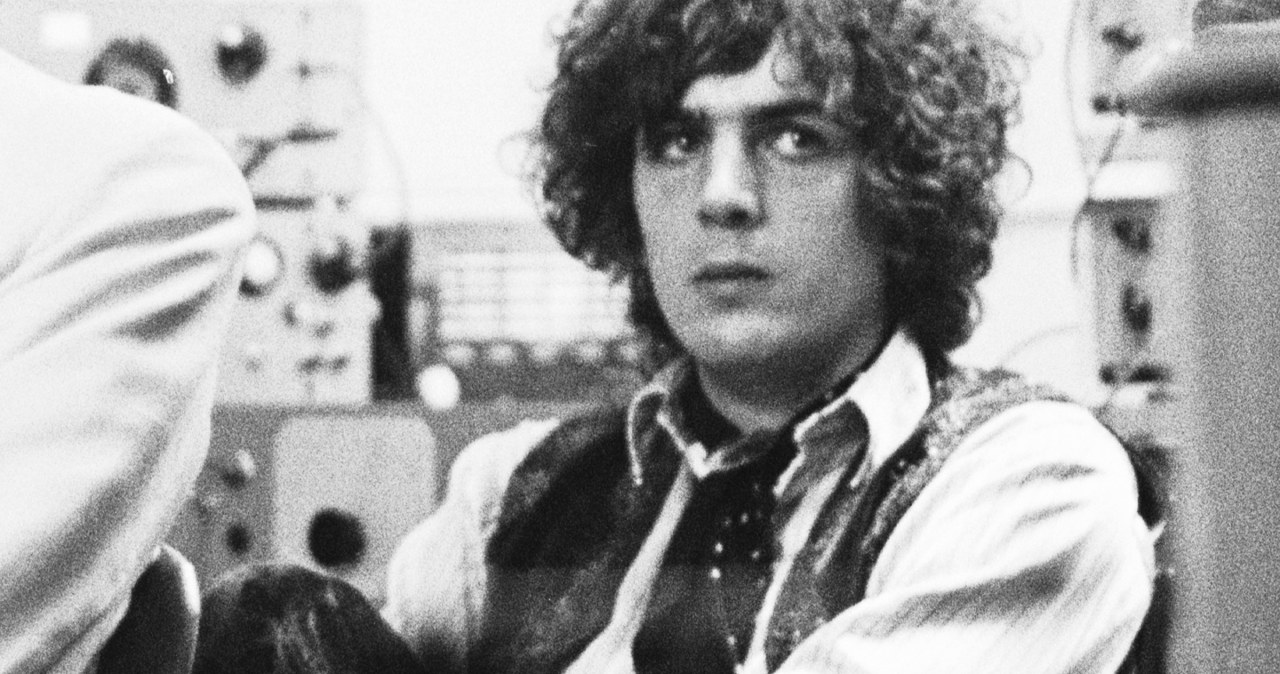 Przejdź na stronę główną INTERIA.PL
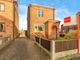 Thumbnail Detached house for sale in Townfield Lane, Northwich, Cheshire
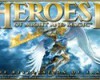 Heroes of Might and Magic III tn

__Problem to work on__:
Leave out the pictures and print every line of the data exactly.

__Written reply__:
 Przejdź na stronę główną INTERIA.PL
 Thumbnail Detached house for sale in Townfield Lane, Northwich, Cheshire
 Heroes of Might and Magic III tn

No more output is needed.